Le président suppléant: Winston Churchill a déjà dit que, si on consultait un prisonnier pour savoir s'il voulait se faire couper la tête le matin, il avait beau répondre qu'il préférerait que non, on pouvait quand même lui couper la tête le matin en prétendant qu'on l'avait consulté. Dans ces deux cas, cependant, il s'agissait de véritables consultations. Dans un cas, elles ont mis fin au projet, et dans l'autre, elles ont permis d'obtenir l'accord de la population locale.

M. Lee: Le projet a été mis en oeuvre avec l'appui de la population locale. C'est parfaitement juste et cela se reflète dans notre comportement. Comme vous le savez sans doute, le projet de loi prévoit que, quand il y a des questions de compétence provinciale, nous ne pouvons pas créer d'aires de ce genre sans le consentement de la province.
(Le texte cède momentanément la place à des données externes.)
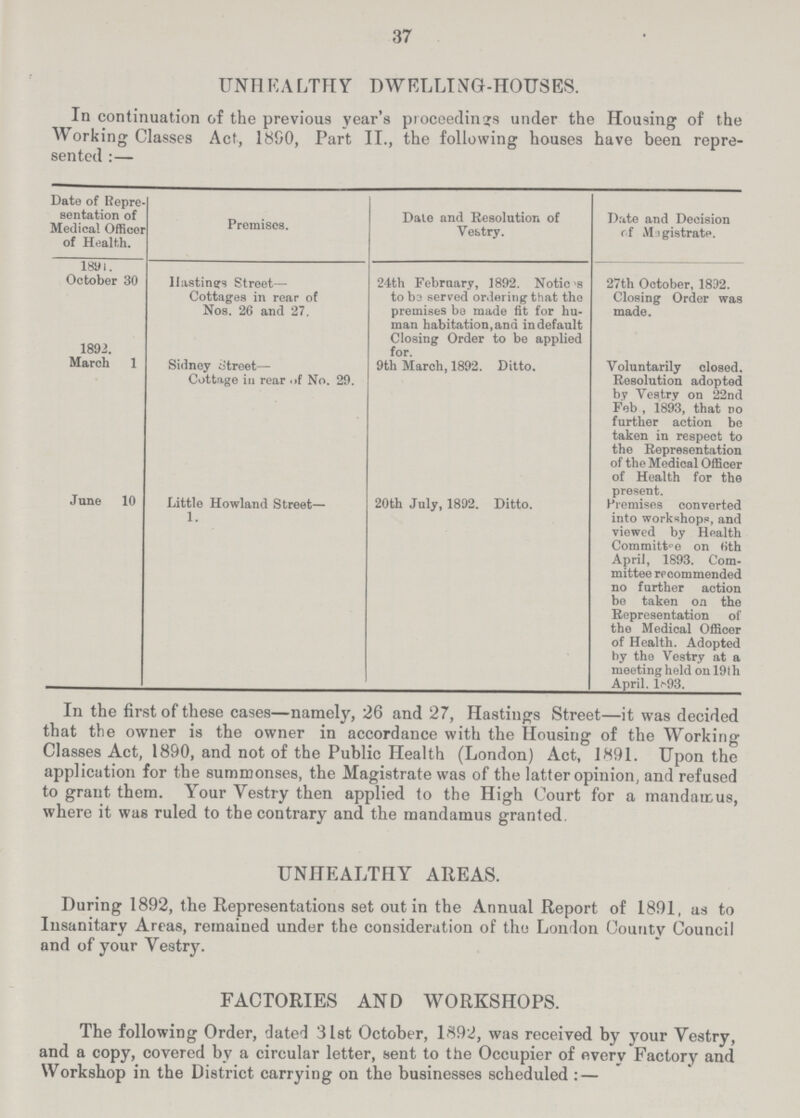 37 UNHEALTHY DWELLING-HOUSES. In continuation of the previous year's proceedings under the Housing of the Working Classes Act, 1890, Part II., the following houses have been repre sented:— Date of Repre sentation of Medical Officer of Health. Premises. Dale and Resolution of Vestry. Date and Decision of Magistrate. 1891. October 30 Hastings Street— Cottages in rear of Nos. 26 and 27. 24th February, 1892. Notices to be served ordering that the premises be made fit for hu man habitation, and in default Closing Order to be applied for. 27th October, 1892. Closing Order was made. 1892. March 1 Sidney street— Cottage in rear of No. 29. 9th March, 1892. Ditto. Voluntarily closed. Resolution adopted by Vestry on 22nd Feb , 1893, that no further action be taken in respect to the Representation of the Medical Officer of Health for the present. June 10 Little Howland Street— 1. 20th July, 1892. Ditto. Premises converted into workshops, and viewed by Health Committee on 6th April, 1893. Com mittee recommended no further action be taken on the Representation of the Medical Officer of Health. Adopted by the Vestry at a meeting held on 19th April. 1893. In the first of these cases—namely, 26 and 27, Hastings Street—it was decided that the owner is the owner in accordance with the Housing of the Working Classes Act, 1890, and not of the Public Health (London) Act, 1891. Upon the application for the summonses, the Magistrate was of the latter opinion, and refused to grant them. Your Vestry then applied to the High Court for a mandamus, where it was ruled to the contrary and the mandamus granted. UNHEALTHY AREAS. During 1892, the Representations set out in the Annual Report of 1891, as to Insanitary Areas, remained under the consideration of the London County Council and of your Vestry. FACTORIES AND WORKSHOPS. The following Order, dated 31st October, 1892, was received by your Vestry, and a copy, covered by a circular letter, sent to the Occupier of every Factory and Workshop in the District carrying on the businesses scheduled:—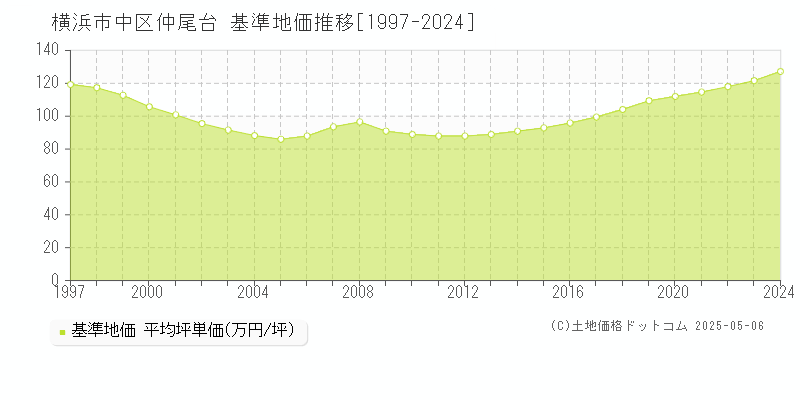 横浜市中区仲尾台の基準地価推移グラフ 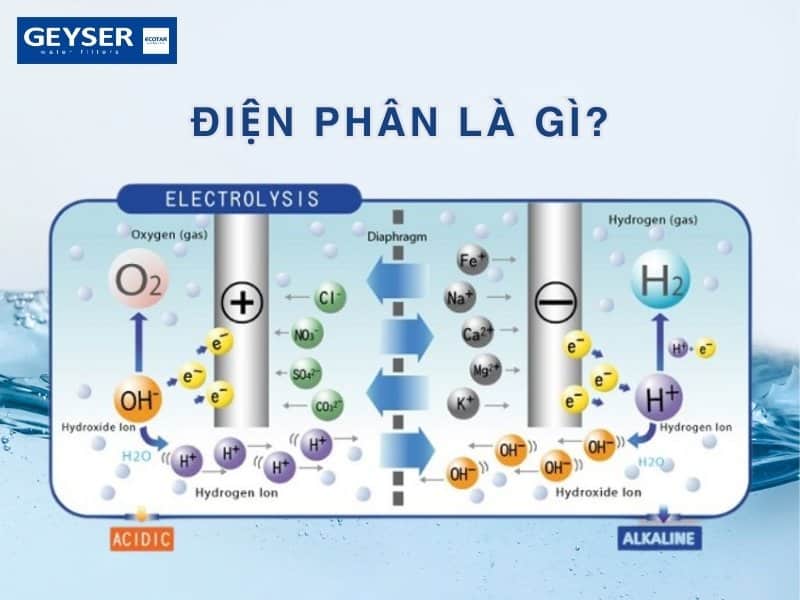 Công nghệ điện phân của máy ion kiềm chuẩn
C'est impossible.

Le sénateur Kelleher: C'est plutôt théorique, mais pour en revenir aux commentaires de notre président, qui aurait cru que nous avions des diamants en Amérique du Nord' Par conséquent, ce qui est toujours préoccupant dans en ce qui concerne la prospection minière, pétrolière et gazière, c'est qu'on restreint parfois l'utilisation de zones où la prospection devient viable plus tard grâce à de nouvelles techniques.

Je vais être honnête avec vous. Je n'ai pas lu toutes les dispositions du projet de loi. Y a-t-il quoi que ce soit là- dedans qui empêche d'envisager l'exploration future de ces régions?

Une fois le projet de loi adopté, c'est fini. Y a-t-il quelque chose de ce genre dans ce projet de loi, ou quelque chose qui permettrait d'avoir accès à ces zones plus tard?

M. Lee: L'adoption du projet de loi ne change rien parce qu'il ne crée pas d'aires de conservation. Il établit simplement un cadre législatif, comme la Loi sur les parcs nationaux. Si vous voulez créer une aire de conservation, c'est le cadre qui vous permettra de le faire plutôt que d'avoir à déposer chaque fois un nouveau projet de loi semblable aux précédents. Dans ce sens-là, l'adoption du projet de loi ne change rien.

Le sénateur Kelleher: Vous voulez parler de l'ensemble du Canada?

M. Lee: Ce projet de loi n'établit pas d'aires de conservation.

Le sénateur Kelleher: Est-ce que cela s'applique partout au Canada?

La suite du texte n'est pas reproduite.